**PROBLEM STATEMENT:**
Take the line containing "UMG-Udio Deal FAQ: What" and every line after it to the end of the material below; reproduce them exactly, without pictures.

**PROVIDED RECORDS:**

========

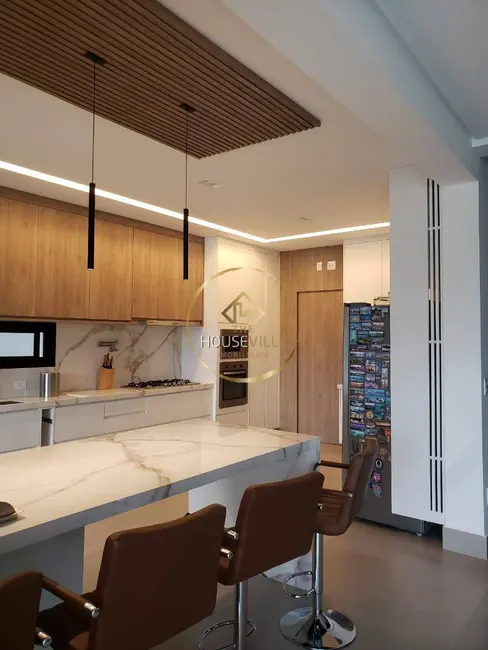 Foto 7 de Casa de Condomínio com 3 quartos à venda, 450m2 em Sao Jose Dos Campos - SP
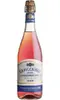 6× růžové Lambrusco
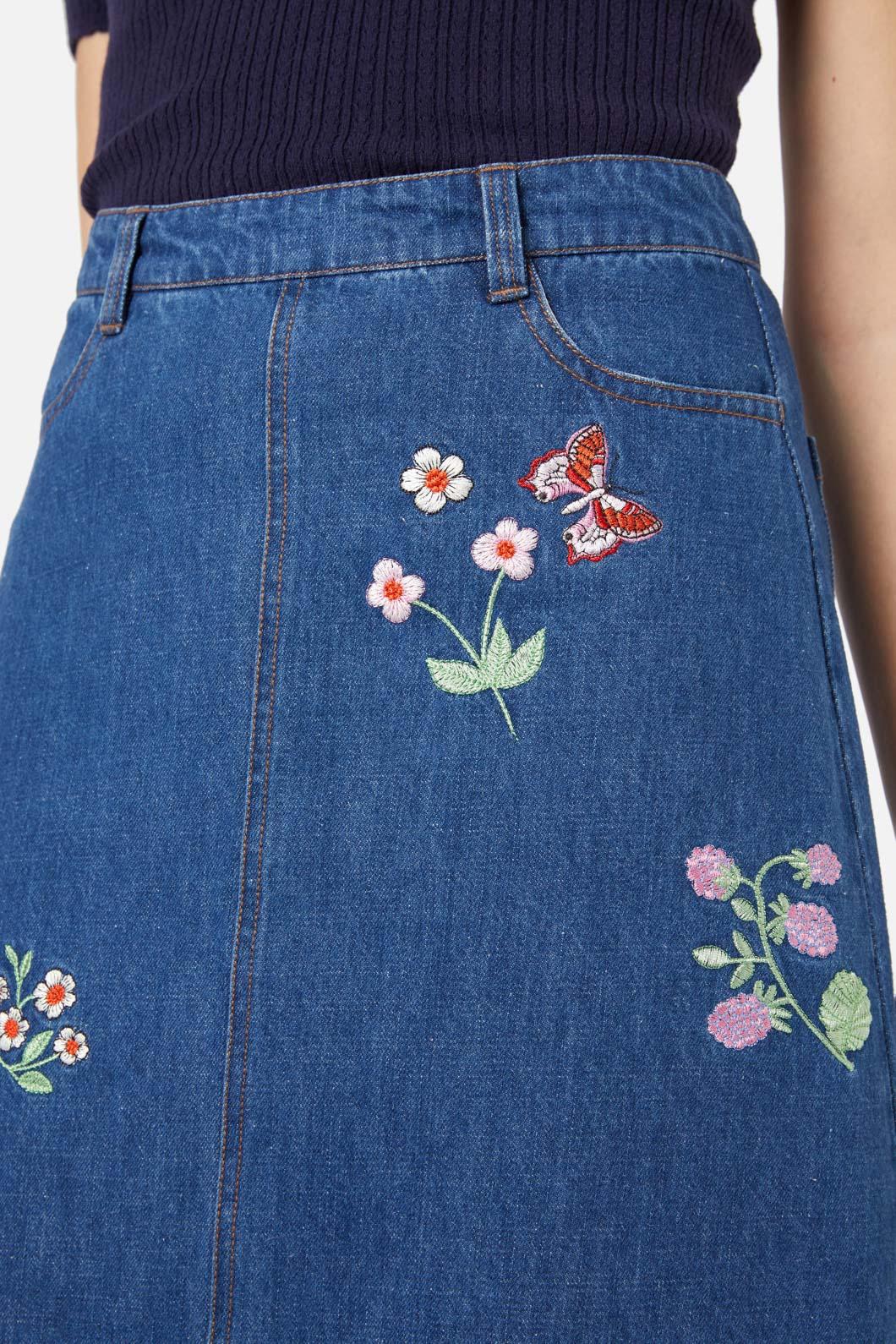 blue-denim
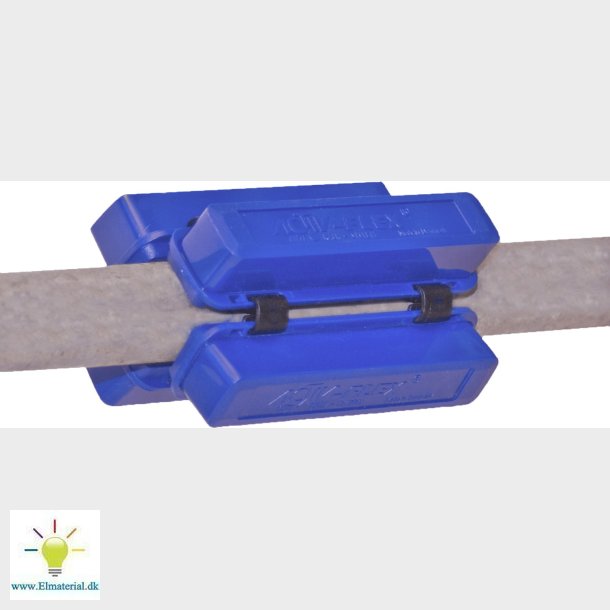 Activ Antikalk Spalter 32-34Mm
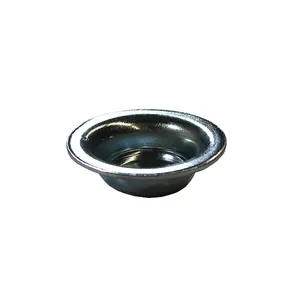 Donovan Rope Anchor 1029800 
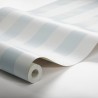 Papier peint Falsterbo Stripe 7683 - BORAS TAPETER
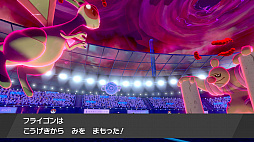 ꡼ No.017Υͥ / ֥ݥåȥ󥹥 ɡɡפο󤬸ݥХȥ̤뤵ޤޤʿǤ餫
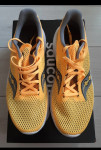 saucony tenisice za trcanje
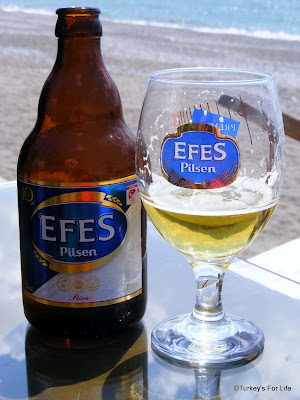 [verlinkte Grafik wurde nicht gefunden]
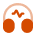 Finance & Productivité accessibles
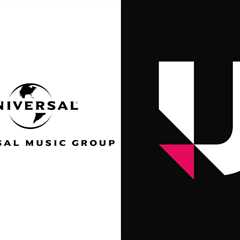 UMG-Udio Deal FAQ: What Questions Remain About the AI Agreement That’s Shaken Up the Music Biz?
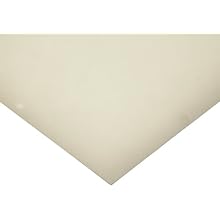 G-10/FR-4 Sheet, MIL-I-24768/27, GEE, Natural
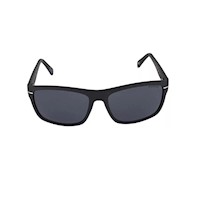 LENTES DE SOL UV400 HOMBRE X62113 TOMMY HILFIGER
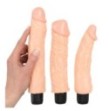 Lettino gonfiabile macchina del sesso Dark Magic Thrusting Bed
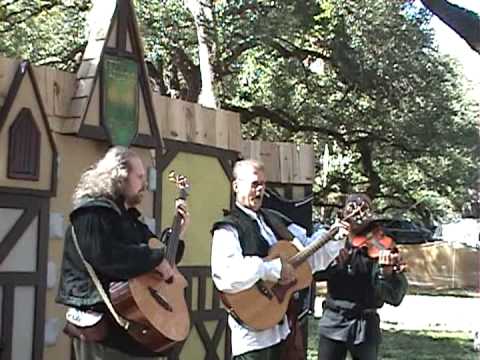 download lagu mp3 mp4 What Rhymes With Mayhem, download lagu What Rhymes With Mayhem gratis, unduh video klip What Rhymes With Mayhem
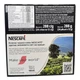 Кава Nescafe Extra Strong 3в1 в стіках 24 шт *12 г (493) - изображение 2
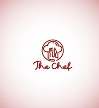 Trademark THE CHEF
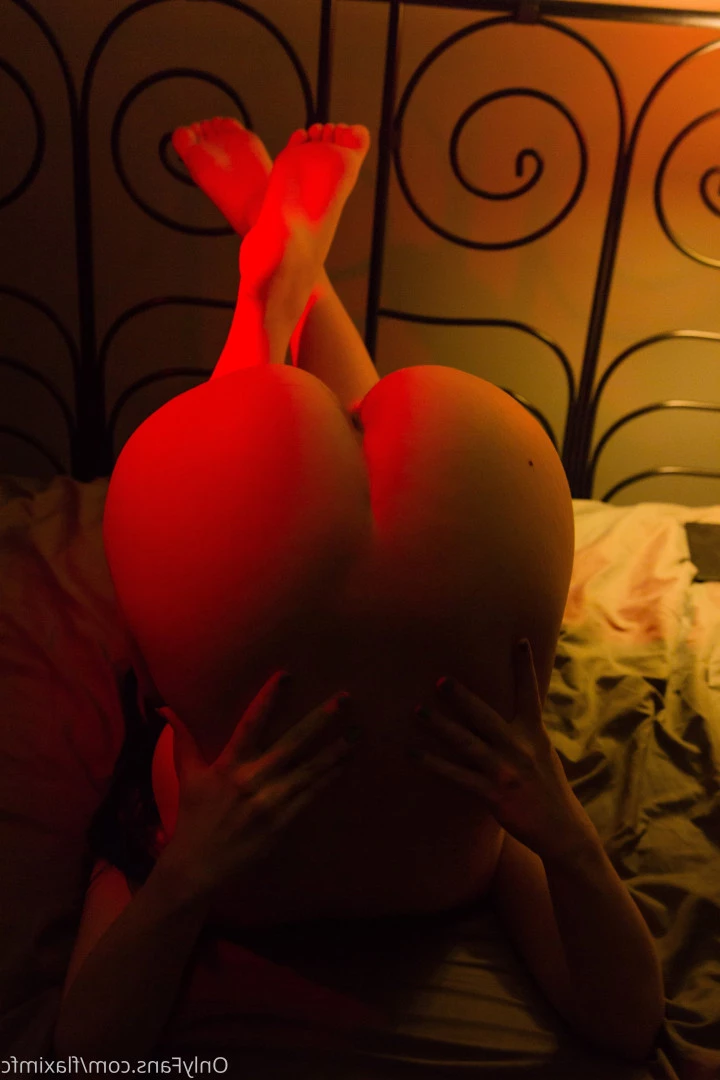 Flaxi [ kweenflaxi ] Onlyfans leaked photo 9162067 on Hotleaks.tv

========

**EXPECTED ANSWER:**
 UMG-Udio Deal FAQ: What Questions Remain About the AI Agreement That’s Shaken Up the Music Biz?
 G-10/FR-4 Sheet, MIL-I-24768/27, GEE, Natural
 LENTES DE SOL UV400 HOMBRE X62113 TOMMY HILFIGER
 Lettino gonfiabile macchina del sesso Dark Magic Thrusting Bed
 download lagu mp3 mp4 What Rhymes With Mayhem, download lagu What Rhymes With Mayhem gratis, unduh video klip What Rhymes With Mayhem
 Кава Nescafe Extra Strong 3в1 в стіках 24 шт *12 г (493) - изображение 2
 Trademark THE CHEF
 Flaxi [ kweenflaxi ] Onlyfans leaked photo 9162067 on Hotleaks.tv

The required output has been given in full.